Remarks by Congresswoman Waters at Drug Policy Alliance's Press Conference on The 40th Anniversary of Nixon's Declaration of a ‘War on Drugs’
Congresswoman Maxine Waters was invited to speak before the Drug Policy Alliance's press conference on the 40th Anniversary of Nixon's Declaration of a ‘War on Drugs' today. Rep. Waters delivered the following remarks:
I want to thank the Drug Policy Alliance for the invitation to mark the 40th Anniversary of President Nixon's Declaration of a "War on Drugs." Indeed, since President Nixon announced the war, billions of dollars have been wasted and millions of lives have been lost in what amounts to an utter failure of public policy.
I also want to thank and commend my colleagues – Reps: John Conyers and Bobby Scott – for their tireless work to address these issues in Congress. Together, we have led congressional efforts to enact meaningful reforms. However, despite all that we have learned, we have only been able to achieve incremental change. The Fair Sentencing Act that was signed into law last year is progress (reduced the disparity from 100-1 to 18-1), but it does not go far enough. We have to continue the fight!
It was reported this week, that the United States has spent $1 trillion in the last 40 years to fight the war on drugs, and we have very little to show for such an exorbitant amount of money.
African-Americans and Latino communities have been the real casualties of the domestic war on drugs. According to U.S. Sentencing Commission figures, no class of drug is as racially skewed as crack in terms of numbers of offenses. According to the Sentencing Commission, 79 percent of 5,669 sentenced crack offenders in 2009 were African American, versus 10 percent who were Caucasian and 10 percent who were Hispanic.

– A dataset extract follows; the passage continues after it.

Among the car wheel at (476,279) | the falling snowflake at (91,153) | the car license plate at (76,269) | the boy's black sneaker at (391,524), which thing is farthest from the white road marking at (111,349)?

In the Anti-Drug Abuse Act of 1986, and at the height of the public outcry over crack-cocaine, Congress acted hastily, without sufficient hearings or research, and enacted hard line anti-drug penalties that targeted low-level drug offenders. These statutes included new, long mandatory minimum sentences for such offenders.
Twenty-five years later, mandatory drug sentences have broken communities and destroyed lives. The result has been the incarceration of thousands of low level drug offenders – most of whom are minorities – and an exponential boom in the Federal prison population.
According to the Bureau of Prisons, when the 1986 drug law containing lengthy mandatory minimum sentences passed, the prison population was 36,000. Today, the federal prison population is over 215,000 prisoners, an increase of nearly 600 percent in 26 years. It costs taxpayers approximately $26,000 to keep one prisoner in federal prison for one year.
Mandatory minimum sentences have had an especially devastating impact on the African-American community. The United States Sentencing Commission concluded that "mandatory penalty statutes are used inconsistently" and disproportionately affect African-American defendants.
For this reason, I have worked over the last 20 years to raise awareness and travel across the country to educate communities about cocaine sentencing disparities and mandatory minimums. I have also hosted many workshops on the subject during the Congressional Black Caucus Foundation's Annual Legislative Conference. In addition, I have consistently introduced legislation in Congress that would reverse the effects of mandatory minimum prison sentences.
Today, I will re-introduce the Major Drug Traffickers Prosecution Act of 2011. This bill is similar to previous legislation that I have introduced since 1999, and it would begin to implement one of the suggested criminal justice reforms recommended by the Global Commission on Drug Policy. The Major Drug Traffickers Prosecution Act of 2011 will: curb federal prosecutions of low-level and non-violent drug offenders; re-focus scarce federal resources to prosecute major drug kingpins, and give courts and judges greater discretion to place drug users on probation or suspend the sentence entirely. Under this bill, judges will be able to make individualized determinations and take into account a defendant's individual and unique circumstances rather than being held to a stringent sentencing requirement prescribed by Congress.
We now have the opportunity to identify some consensus priorities regarding the changes needed in our federal sentencing policy, including mandatory minimums. It is time to take the message to the White House, to the Republican leadership, and across the States. Let's work together and end this war. We have the research and empirical, and now it is time to take action!
Once again, I thank you all for your advocacy in advancing criminal justice reforms, and look forward to continuing this very important work with you!